Records drawn from a dataset:

:::::

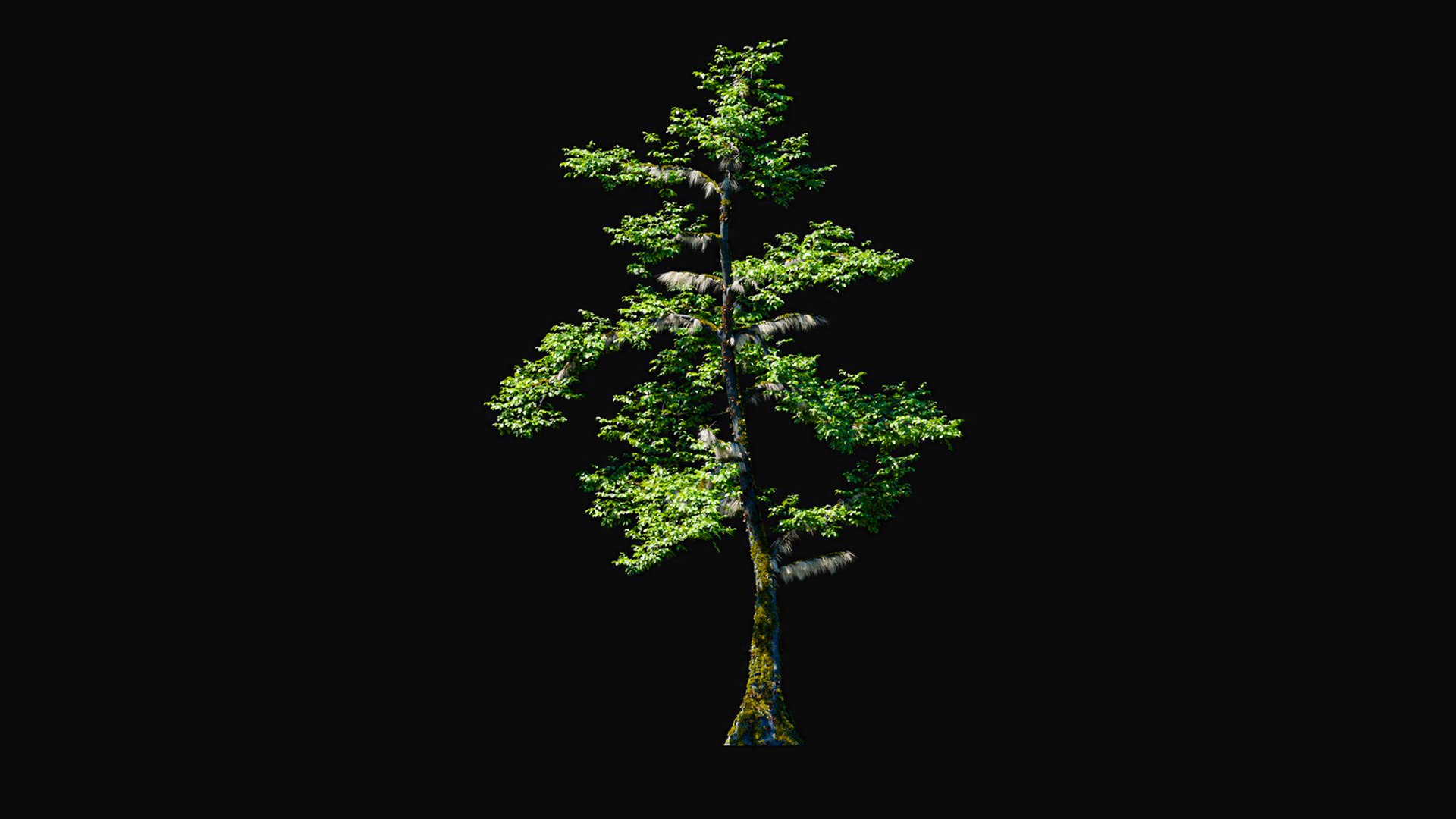 3D model Huge All In One Tree Set Pack https://p.turbosquid.com/ts-thumb/vS/JE1IHc/wn/foresttreemodels29/jpg/1744566193/1920x1080/fit_q87/43a5dc98c0cc2baf6fd8b4adec614a8e503a61ab/foresttreemodels29.jpg
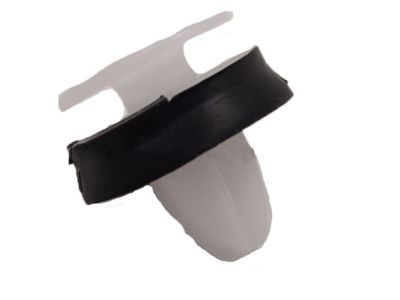 Ford -W716507-S300 Pillar Molding Clip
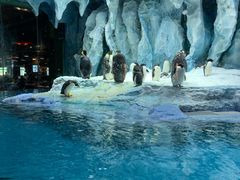 -帝企鹅自助餐厅•儿童岛•真企鹅(长隆企鹅酒店)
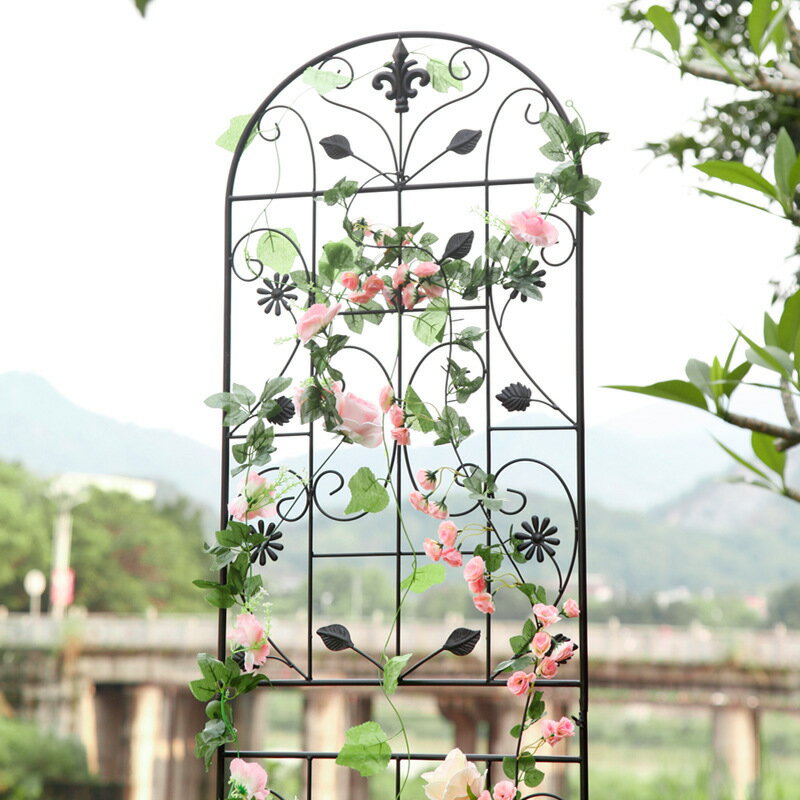 【庭院爬藤神器】鐵線蓮花架 月季花架 薔薇花架 爬藤架 花園柵欄 鐵藝花支架 戶外庭院裝飾 防鏽耐用 簡約美觀 支撐攀爬植物
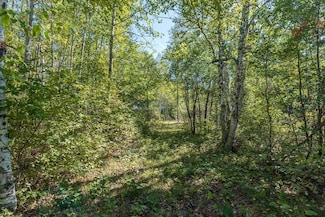 TBD Tract D Little Pine Rd, Brainerd, MN 56401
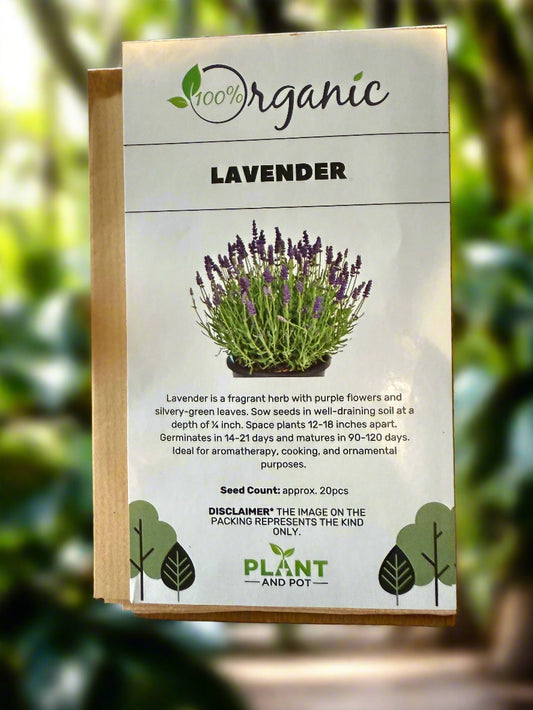 https://plantnpot.com › products › lavender-seeds


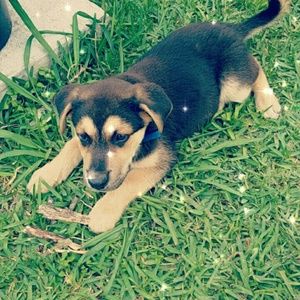 Meet your Posher, Louis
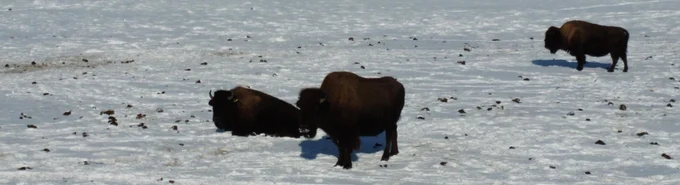 4 день: 11.03.2026 г.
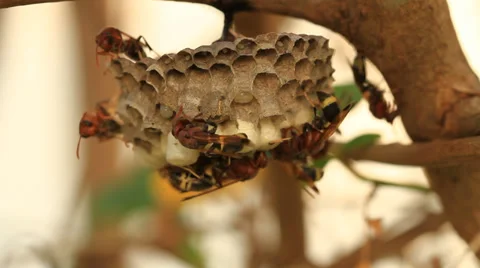 Bees and honeycomb Stock Footage 31538300
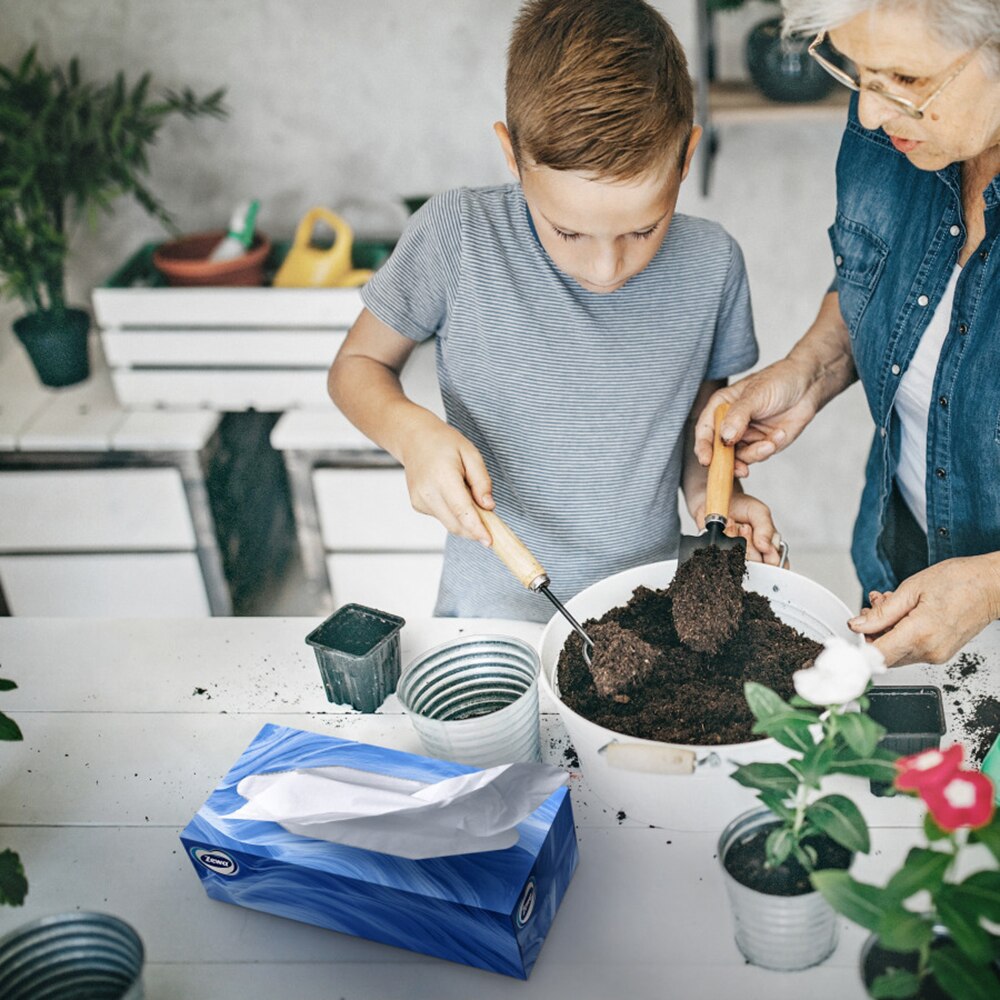 Servetele faciale ZEWA Deluxe Design, 3 straturi, 90 bucati, bax 18 cutii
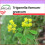 SAFLAX - Fenugrec - 100 graines - Trigonella foenum-graecum 1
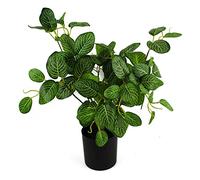 Botanik Pianta artificiale di Pothos variegata, 40 cm
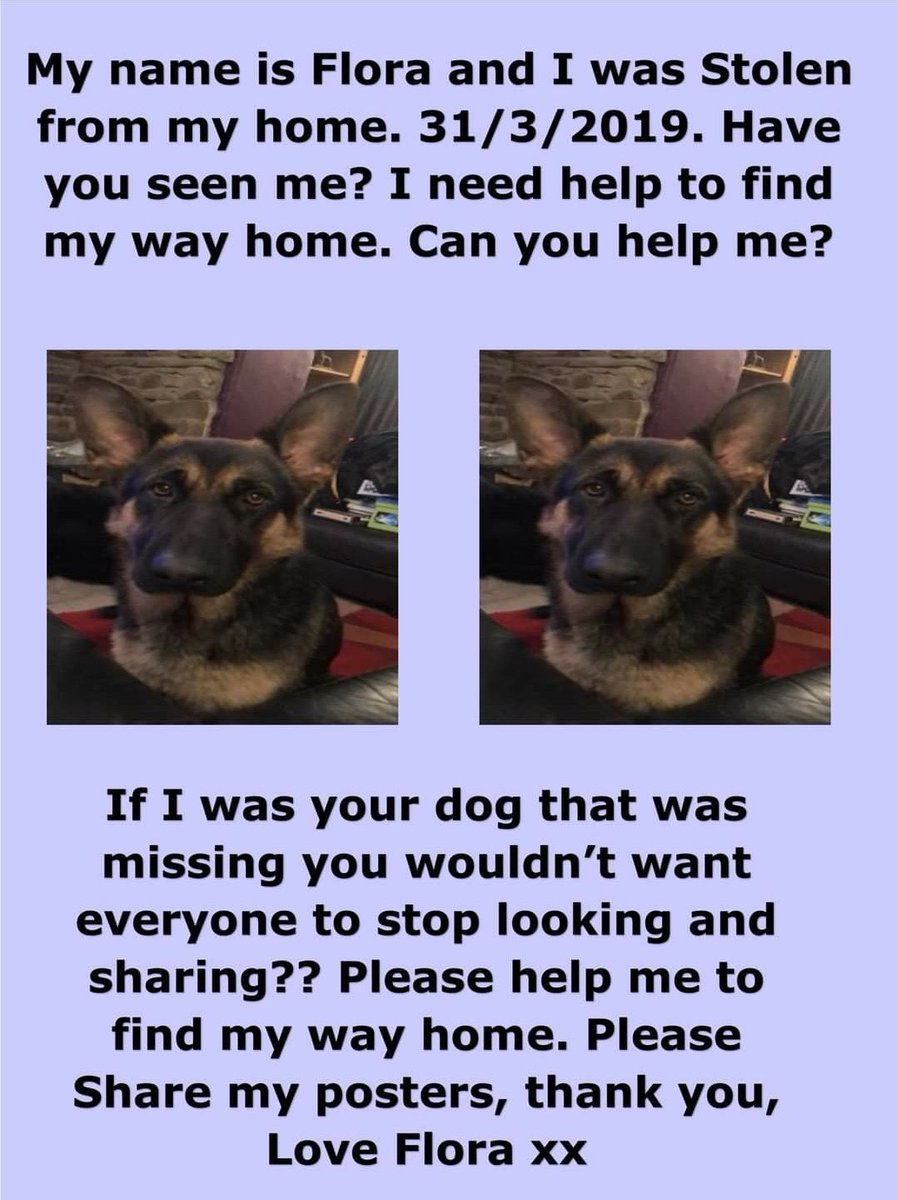 rosiedoc666's tweet photo. #HelpFindFlora
FIRST POST ON HER SPECIAL GROUP
โOur girl was 11 months old when she was taken away from her family home early morning on 31/3/19, pls help her find her way back .
Susbstantial reward offered for her safe return
https://t.co/XPKMQCsH10 https://t.co/lMcf8dpPeI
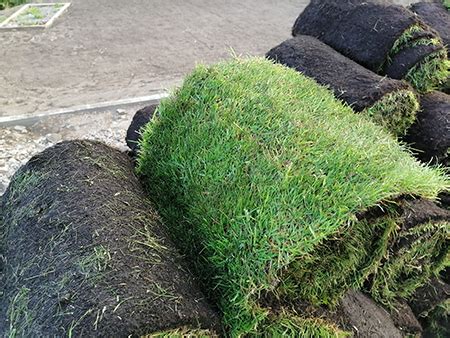 turf suppliers bolton area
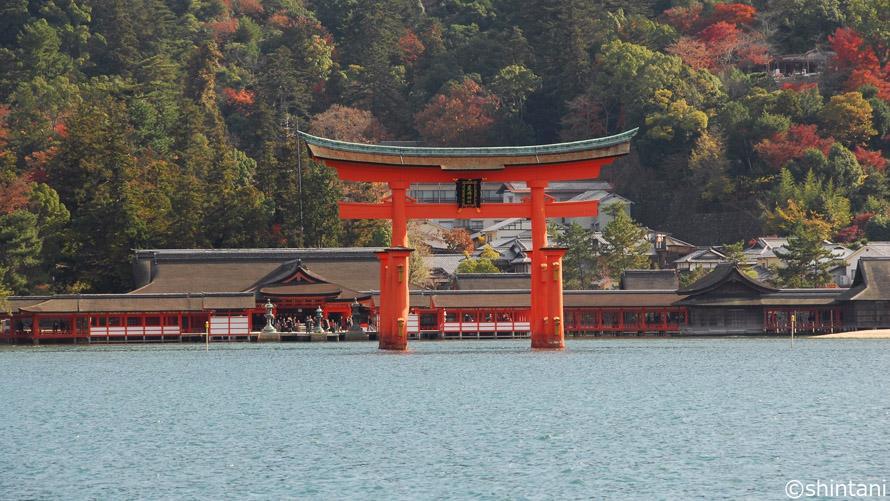 厳島神社 大鳥居イメージ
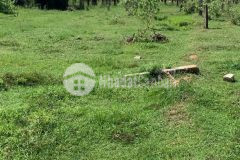 Chỉ 400tr sở hữu ngay cho mình lô đất 625m2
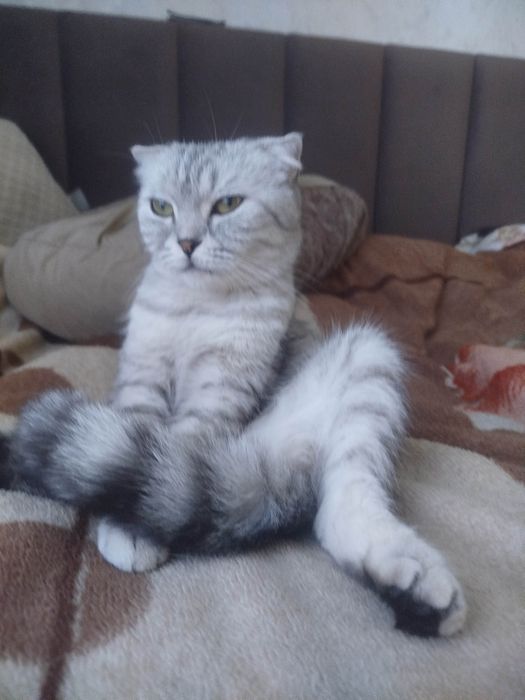Котята шотландские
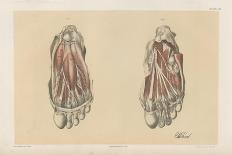 The Lower Limb. Third and Fourth Stages of the Dissection of the Sole of the Foot-G. H. Ford-Framed Giclee Print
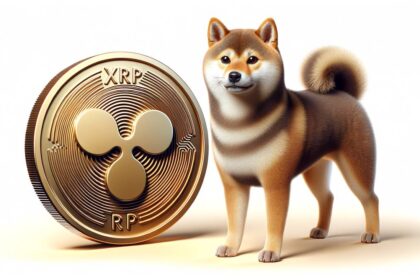 Shiba Inu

:::::

Only the text of the records above is to be reproduced, exactly as given; the pictures are dropped.

### WRITTEN REPLY
 3D model Huge All In One Tree Set Pack https://p.turbosquid.com/ts-thumb/vS/JE1IHc/wn/foresttreemodels29/jpg/1744566193/1920x1080/fit_q87/43a5dc98c0cc2baf6fd8b4adec614a8e503a61ab/foresttreemodels29.jpg
 Ford -W716507-S300 Pillar Molding Clip
 -帝企鹅自助餐厅•儿童岛•真企鹅(长隆企鹅酒店)
 【庭院爬藤神器】鐵線蓮花架 月季花架 薔薇花架 爬藤架 花園柵欄 鐵藝花支架 戶外庭院裝飾 防鏽耐用 簡約美觀 支撐攀爬植物
 TBD Tract D Little Pine Rd, Brainerd, MN 56401
 https://plantnpot.com › products › lavender-seeds


 Meet your Posher, Louis
 4 день: 11.03.2026 г.
 Bees and honeycomb Stock Footage 31538300
 Servetele faciale ZEWA Deluxe Design, 3 straturi, 90 bucati, bax 18 cutii
 SAFLAX - Fenugrec - 100 graines - Trigonella foenum-graecum 1
 Botanik Pianta artificiale di Pothos variegata, 40 cm
 rosiedoc666's tweet photo. #HelpFindFlora
FIRST POST ON HER SPECIAL GROUP
โOur girl was 11 months old when she was taken away from her family home early morning on 31/3/19, pls help her find her way back .
Susbstantial reward offered for her safe return
https://t.co/XPKMQCsH10 https://t.co/lMcf8dpPeI
 turf suppliers bolton area
 厳島神社 大鳥居イメージ
 Chỉ 400tr sở hữu ngay cho mình lô đất 625m2
Котята шотландские
 The Lower Limb. Third and Fourth Stages of the Dissection of the Sole of the Foot-G. H. Ford-Framed Giclee Print
 Shiba Inu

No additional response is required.